Police fired teargas to disperse a group of youths throwing stones at riot police and scuffling with other protestors.
Pressured by financial markets and the European Union, Greece announced on Wednesday 4.8 billion euros ($6.5 billion) in new spending cuts and tax hikes to tackle its huge fiscal deficit and 300 billion euro ($408 billion) debt pile.
On Friday, the only buses on the streets belonged to the riot police. At the airport, more than 60 flights were canceled as unions called impromptu work stoppages and protesters shouting “never, never, never” marched on parliament.
Pagiaslis Giannis, 57, a private sector employee taking part in one of the marches, said the protests were a healthy response and that while people wanted to express their anger they also understood that belt-tightening was necessary.
“It’s like the slap that a father gives to his child and the child reacts even though he knows he was in the wrong,” he said.
The protests escalated as an opinion poll showed strong opposition to some measures such as higher VAT and a freeze on public pensions but support for moves to raise tax on alcohol, cigarettes and luxury goods.

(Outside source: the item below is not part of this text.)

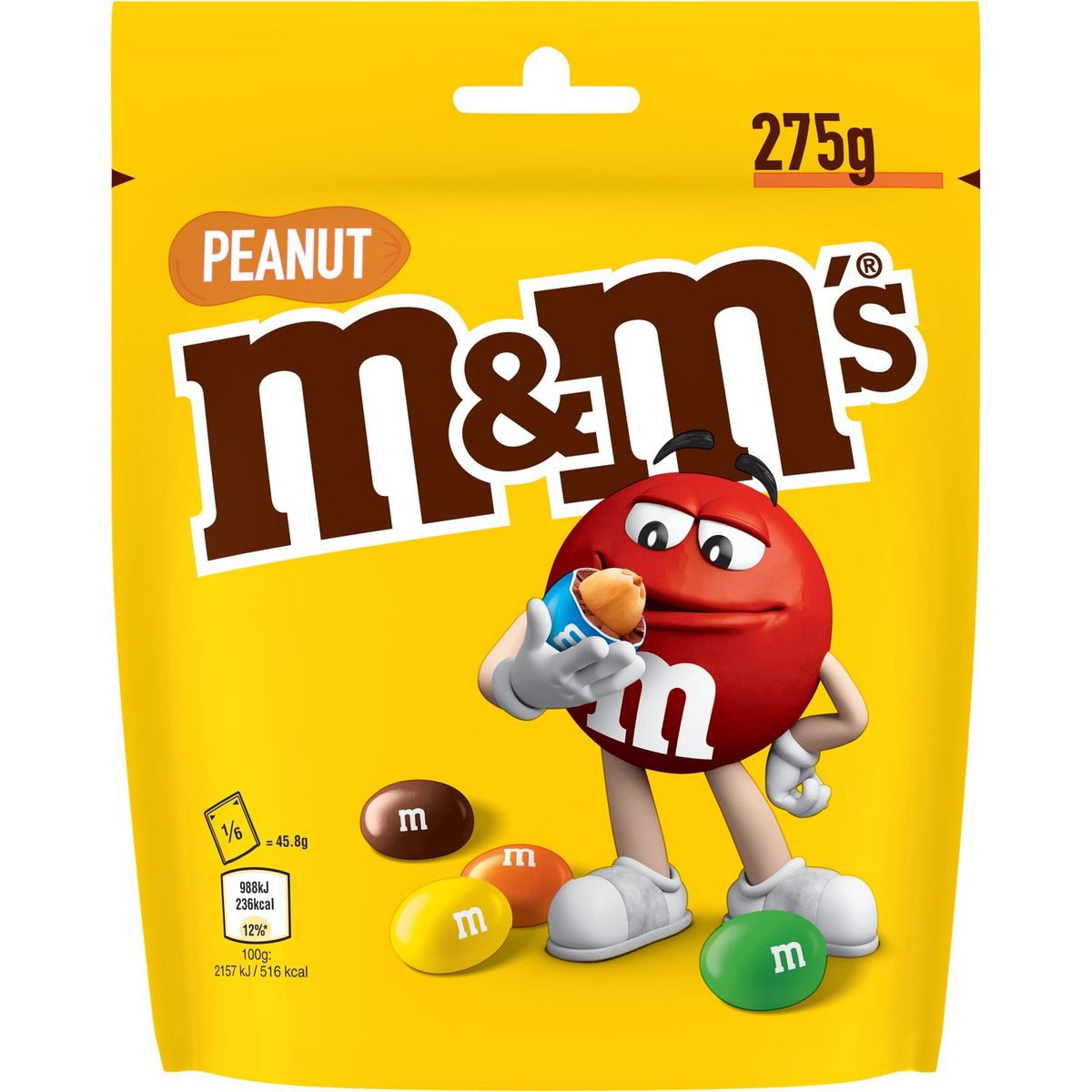 Délicieux paquet de cacahuètes enrobées de chocolat M&M's 45gr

The survey also showed that 78 percent of people believed there was a high probability that all of the government’s measures would be implemented.
Ratings agencies and other EU governments have said delivery will be key in determining whether Greece can re-establish its credibility on the world stage and as a borrower.
Figures published on Friday showed that foreign investors bought 77 percent of a 5 billion euro bond sold by the Greek government this week with the biggest demand coming from Britain and Germany.
Friday’s survey did not ask how the crisis was being handled overall but two polls in late February before the latest round of cuts showed most Greeks thought the government was dealing with it effectively.
The latest protests took place as Greek Prime Minister George Papandreou traveled to Germany for a meeting with Chancellor Angela Merkel in the hope of persuading her to back more concrete EU support measures for Greece.
Papandreou has said it is time for the European Union to do its bit although Germany again moved to temper his expectations with Economy Minister Rainer Bruederle saying his government “does not intend to give a cent” to Greece.
Opposition to cutbacks has so far been relatively muted for a country with a tradition of street protest. Police officials on Friday estimated about 12,000 demonstrators were on the streets, most behaving peacefully.
Those polled in the latest survey did not expect the government to get an easy ride, however, with 62 percent predicting social unrest was highly likely in the next year.
“Something must be done to avoid bankruptcy but I believe that strikes will continue for months,” said Dimitris Thanos, a kiosk employee in the center of Athens.
Meanwhile the main public sector union ADEDY brought forward a planned national strike to March 11 from March 16 and its sister private sector union GSEE said it would join them. The two unions represent half Greece’s 5-million workforce.